## Assignment
Exactly the lines from the one containing "Toyota ensures the" through the end of the listing must make up the answer, with no pictures included.

━━━━━ Exercise material ━━━━━

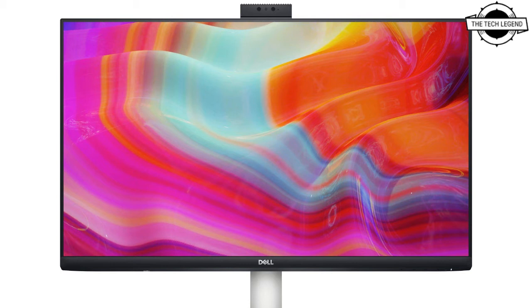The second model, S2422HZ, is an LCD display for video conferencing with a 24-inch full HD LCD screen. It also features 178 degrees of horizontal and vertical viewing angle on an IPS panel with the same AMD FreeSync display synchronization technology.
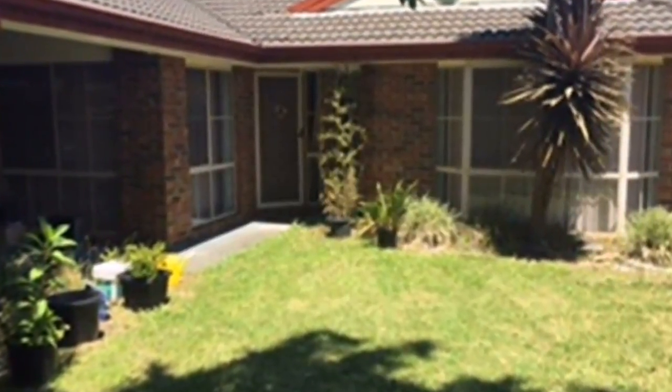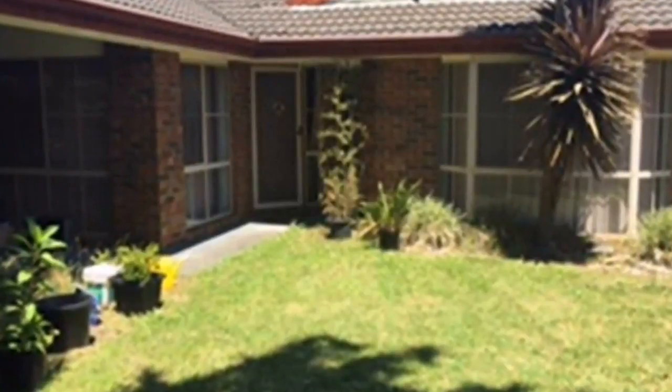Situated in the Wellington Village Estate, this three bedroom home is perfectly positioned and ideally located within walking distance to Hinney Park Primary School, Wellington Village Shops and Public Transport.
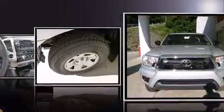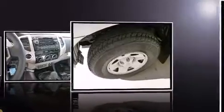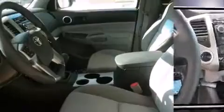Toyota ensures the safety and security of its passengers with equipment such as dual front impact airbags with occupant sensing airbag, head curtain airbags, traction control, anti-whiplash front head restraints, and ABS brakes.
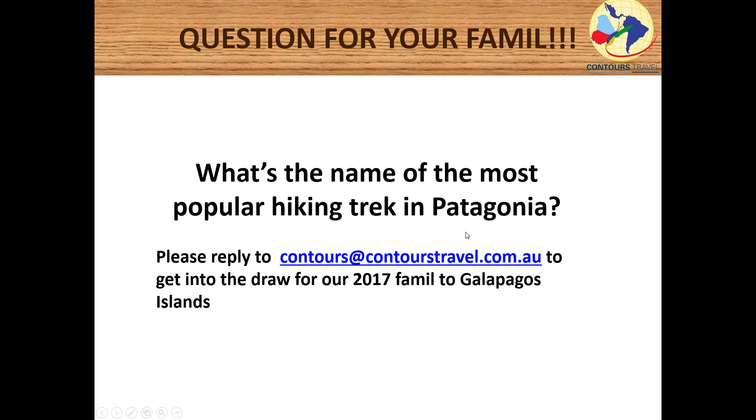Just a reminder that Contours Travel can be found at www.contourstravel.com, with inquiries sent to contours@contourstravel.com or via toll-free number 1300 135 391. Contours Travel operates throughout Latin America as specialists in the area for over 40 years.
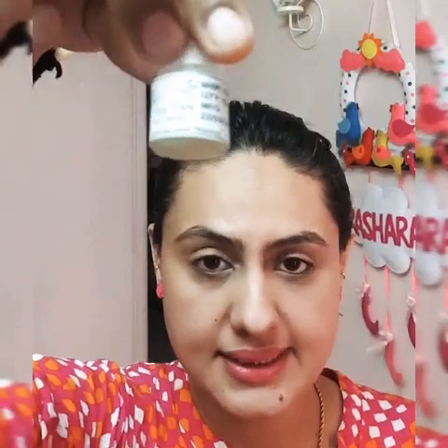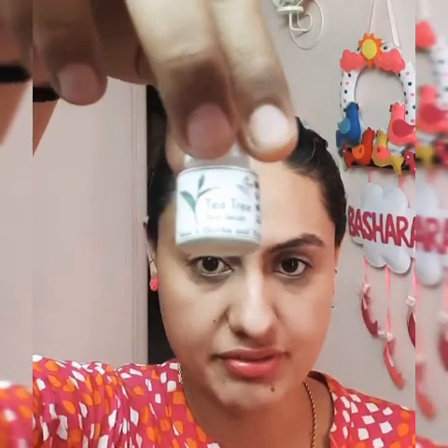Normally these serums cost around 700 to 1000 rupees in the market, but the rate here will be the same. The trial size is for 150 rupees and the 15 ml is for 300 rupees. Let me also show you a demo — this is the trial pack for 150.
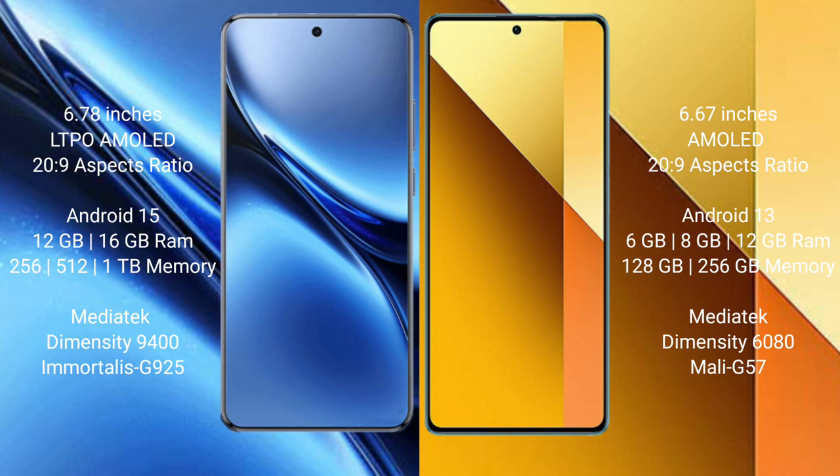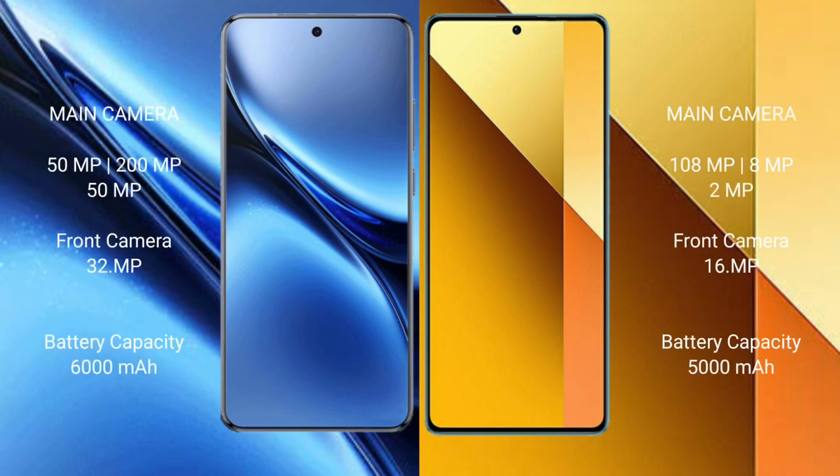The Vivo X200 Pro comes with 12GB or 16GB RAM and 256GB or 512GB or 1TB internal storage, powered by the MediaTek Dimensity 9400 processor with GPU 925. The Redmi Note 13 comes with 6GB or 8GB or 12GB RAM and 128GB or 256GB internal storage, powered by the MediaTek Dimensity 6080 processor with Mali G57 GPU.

━━━━━

## Reply to the exercise
Toyota ensures the safety and security of its passengers with equipment such as dual front impact airbags with occupant sensing airbag, head curtain airbags, traction control, anti-whiplash front head restraints, and ABS brakes.
Just a reminder that Contours Travel can be found at www.contourstravel.com, with inquiries sent to contours@contourstravel.com or via toll-free number 1300 135 391. Contours Travel operates throughout Latin America as specialists in the area for over 40 years.
Normally these serums cost around 700 to 1000 rupees in the market, but the rate here will be the same. The trial size is for 150 rupees and the 15 ml is for 300 rupees. Let me also show you a demo — this is the trial pack for 150.
The Vivo X200 Pro comes with 12GB or 16GB RAM and 256GB or 512GB or 1TB internal storage, powered by the MediaTek Dimensity 9400 processor with GPU 925. The Redmi Note 13 comes with 6GB or 8GB or 12GB RAM and 128GB or 256GB internal storage, powered by the MediaTek Dimensity 6080 processor with Mali G57 GPU.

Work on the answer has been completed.